2. A request for continued examination under 37 CFR 1.114, including the fee set forth in 37 CFR 1.17(e), was filed in this application after final rejection. Since this application is eligible for continued examination under 37 CFR 1.114, and the fee set forth in 37 CFR 1.17(e) has been timely paid, the finality of the previous Office action has been withdrawn pursuant to 37 CFR 1.114. Applicant's submission filed on 03/27/2026 has been entered.
3. Applicant’s amendment to the claims filed on 03/27/2026 in response to the Final Rejection mailed on 10/29/2025 is acknowledged. This listing of claims replaces all prior listings of claims in the application.
4. Claims 2, 20-21, and 25 are cancelled.
5. New claim 27 is added.
6. Claims 1, 3, 8, 10-19, 22-24, and 26-27 are pending.
7. Claim 8 stands withdrawn pursuant to 37 CFR 1.142(b).

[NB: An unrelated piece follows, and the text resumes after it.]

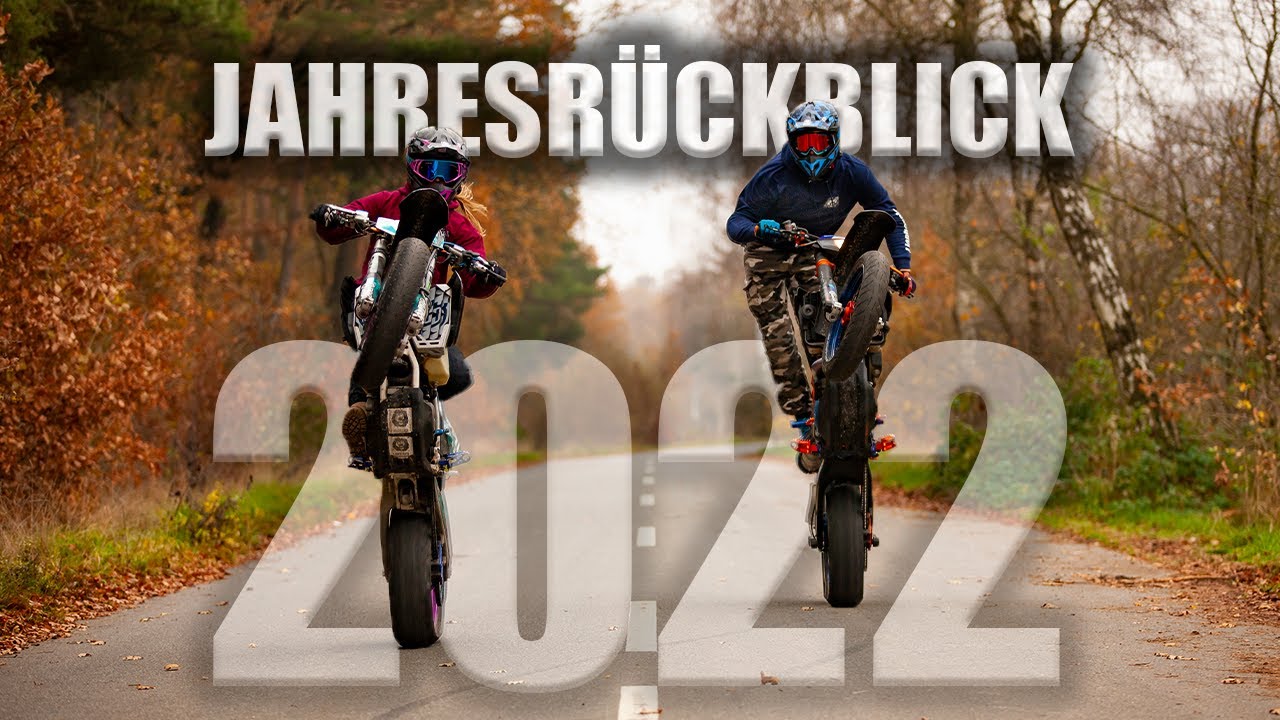 Unser Jahr mit allen H&ouml;hen und Tiefen | 2022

6. Applicant’s remarks filed on 03/27/2026 in response to the Final Rejection mailed on 10/29/2025 have been fully considered and are deemed persuasive to overcome at least one of the rejections and/or objections as previously applied.
The text of those sections of Title 35 U.S. Code not included in the instant action can be found in the prior Office Action.
Information Disclosure Statement
7. The IDS filed on 03/27/2026 has been considered by the examiner and a copy of the Form PTO/SB/08 is attached to the office action.
Claim Rejections - 35 USC § 112(b)
8. The rejection of claims 1-3 and 10-26 under 35 U.S.C. 112(b) or 35 U.S.C. 112 (pre-AIA ), second paragraph, for the relative term “rich” is withdrawn in view of applicants’ amendment to the claims to remove the recited limitation.
Claim Rejections - 35 USC § 112(a)
9. The written description rejection of claims 1-3 and 10-26 under 35 U.S.C. 112(a) or 35 U.S.C. 112 (pre-AIA ), first paragraph, is withdrawn in view of applicants’ amendment to the claims, persuasive remarks, and cancellation of claims 2, 20-21, and 25.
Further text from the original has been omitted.